Aquellos que hemos crecido en un ambiente musical principalmente masculino y heterosexual nos hemos perdido, creo (y esto es una opinión muy personal), muchas cosas maravillosas. Hemos ignorado durante demasiado tiempo lo que ocurría al otro lado del río. Lo veo ahora, en muchos de mis compañeros de rebaño, cómo, con el tiempo, igual que yo, nos hemos ido abriendo a otras propuestas donde el macho alfa no sea necesariamente el amo y señor de nuestro Olimpo. He visto cómo, poco a poco, hemos ido cruzando ese río para abrazar como poseídos los cantos de sirena y hemos terminado, por fin, empapados en ese fascinante y antes desconocido mundo de la mujer. Pero de la mujer como creadora activa de experiencias, y no receptora pasiva de sueños (húmedos).

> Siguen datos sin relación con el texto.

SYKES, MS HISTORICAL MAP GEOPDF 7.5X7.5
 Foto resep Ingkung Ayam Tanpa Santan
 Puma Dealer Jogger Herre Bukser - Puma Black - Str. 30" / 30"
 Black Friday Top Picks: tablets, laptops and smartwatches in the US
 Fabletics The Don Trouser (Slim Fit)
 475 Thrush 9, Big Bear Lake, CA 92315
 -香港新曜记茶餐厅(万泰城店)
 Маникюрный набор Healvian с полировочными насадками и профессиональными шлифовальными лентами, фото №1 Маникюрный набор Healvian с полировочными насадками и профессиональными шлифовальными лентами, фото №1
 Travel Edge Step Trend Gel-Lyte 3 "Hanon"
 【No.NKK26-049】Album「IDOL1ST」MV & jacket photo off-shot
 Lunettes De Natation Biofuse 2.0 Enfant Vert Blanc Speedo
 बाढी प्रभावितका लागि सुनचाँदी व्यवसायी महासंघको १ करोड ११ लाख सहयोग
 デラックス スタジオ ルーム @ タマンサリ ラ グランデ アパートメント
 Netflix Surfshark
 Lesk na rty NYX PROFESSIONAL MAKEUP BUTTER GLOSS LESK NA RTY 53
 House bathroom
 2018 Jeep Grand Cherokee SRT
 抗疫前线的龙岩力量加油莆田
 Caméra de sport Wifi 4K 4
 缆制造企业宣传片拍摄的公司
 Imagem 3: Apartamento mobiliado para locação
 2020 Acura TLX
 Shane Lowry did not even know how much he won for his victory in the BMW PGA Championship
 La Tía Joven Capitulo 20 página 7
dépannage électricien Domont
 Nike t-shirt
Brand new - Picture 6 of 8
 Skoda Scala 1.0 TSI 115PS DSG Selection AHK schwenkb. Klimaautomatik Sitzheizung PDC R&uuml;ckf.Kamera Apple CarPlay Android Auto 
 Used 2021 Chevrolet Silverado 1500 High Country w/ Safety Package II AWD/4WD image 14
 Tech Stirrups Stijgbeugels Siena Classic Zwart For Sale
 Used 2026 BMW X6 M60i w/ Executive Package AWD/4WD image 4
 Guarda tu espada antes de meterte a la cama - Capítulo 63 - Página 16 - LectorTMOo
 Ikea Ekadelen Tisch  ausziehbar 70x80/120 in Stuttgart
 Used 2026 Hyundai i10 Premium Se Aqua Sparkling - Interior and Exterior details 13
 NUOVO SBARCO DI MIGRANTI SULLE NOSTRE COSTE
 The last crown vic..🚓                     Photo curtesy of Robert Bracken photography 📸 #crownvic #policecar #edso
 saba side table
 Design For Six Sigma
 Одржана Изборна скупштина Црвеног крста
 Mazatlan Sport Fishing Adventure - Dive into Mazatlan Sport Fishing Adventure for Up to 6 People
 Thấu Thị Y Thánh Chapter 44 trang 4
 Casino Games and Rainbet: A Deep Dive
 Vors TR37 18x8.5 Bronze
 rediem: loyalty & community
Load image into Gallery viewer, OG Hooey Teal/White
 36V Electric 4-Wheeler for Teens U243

Quizá fue en el primer año de universidad cuando una amiga me dio una casette de Tori Amos. Fue mi primer contacto con un universo hasta entonces oculto. Creo que debí de mantener mi emoción en silencio, a cubierto de las malignas miradas y comentarios de los amigotes, para quienes el culmen de la feminidad era la melena de Kurt Cobain. Ese inicial asombro que sentí hacia la música de lo que parecía ser un extraterrestre haciendo canciones pop ha sido una constante en mi vida desde entonces, un jeroglífico que llevo años intentando descifrar. ¿Qué se esconde en la mente de ellas para ser capaces de hacer algo tan sutilmente extraño? ¿Qué tipo de sensibilidad poseen Björk, Lucrecia Dalt, Fatima Al Qadiri, St. Vincent, FKA Twigs, Jenny Hval, Juliana Barwick, Grouper, Joanna Newsom, por poner algunos ejemplos actuales y diversos, que parece ser tan diferente de la nuestra, la de los hombres?
Imaginadora de historias, contadora de fantasías, la de Los Ángeles hace música que, si tuviera alas, despegaría y partiría hacia tierras más bellas y no volveríamos a escucharla nunca.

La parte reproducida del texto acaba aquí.